Key dates in Joe Nacchio’s illegal-insider-trading case:
January 1997: Nacchio is named Qwest CEO.
June 1999: Qwest makes hostile takeover bid for U S West.
June 2000: $50 billion merger is completed.
October 2000: Accounting company Arthur Andersen tells Qwest the way the company books fiber-optic-capacity sales is high-risk and that it faces a possible challenge from federal regulators.
March 11, 2002: Qwest announces that the Securities and Exchange Commission has opened an informal inquiry into its accounting practices.
April 2002: The SEC makes its investigation formal.
June 16, 2002: Nacchio is forced to resign.

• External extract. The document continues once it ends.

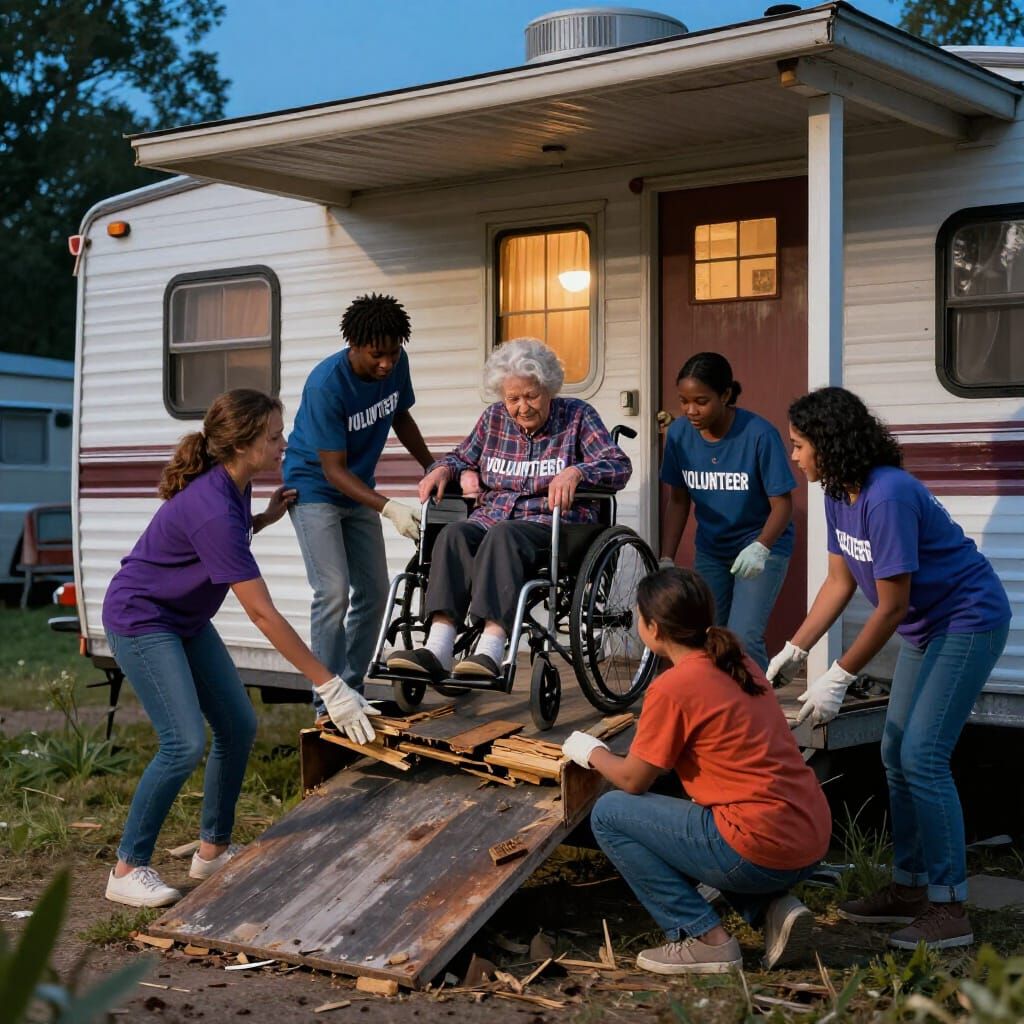 Community Replaces Wheelchair Ramp in Trailer Park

July 10, 2002: Qwest confirms that the U.S. Justice Department is investigating possible criminal activities.
November 2003: Qwest completes a re-audit of its books for 2000-02, wiping out $2.5 billion in improperly logged revenue.
March 15, 2005: The SEC sues 12 former Qwest executives, including Nacchio, for allegedly inflating the company’s financial performance and misleading investors.

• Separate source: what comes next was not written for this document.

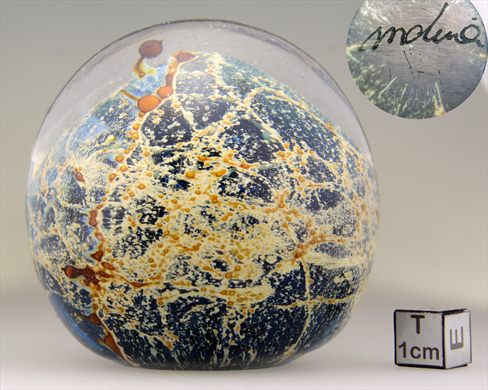 Esfera de vidro com motivo abstrato assinado 01 (ID00122)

Dec. 20, 2005: Nacchio is charged with illegal insider trading in the sale of $100.8 million in stock from January to May 2001.

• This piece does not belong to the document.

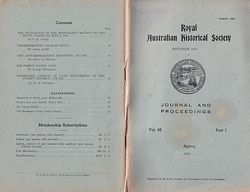 ROYAL AUSTRALIAN HISTORICAL SOCIETY - JOURNAL OF PROCEEDINGS -  Vol 48, Part 1, 1962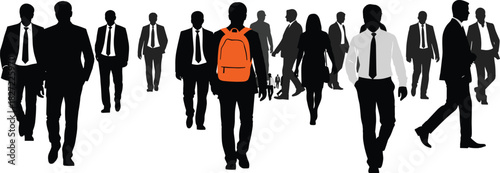 People walking silhouettes, urban city background with travel icons, smart city technology concept, vector illustration, London landmark.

March 19, 2007: Trial begins in U.S. District Court in Denver.
April 19, 2007: Nacchio found guilty of 19 of 42 counts.
July 27, 2007: Nacchio is sentenced to six years in prison.
Aug. 22, 2007: Nacchio is granted bail pending appeal.
Dec. 18, 2007: Oral arguments are heard in appeal.
Monday: A three-judge panel of the 10th U.S. Circuit Court of Appeals reverses the guilty verdict in a 2-1 ruling and orders a new trial.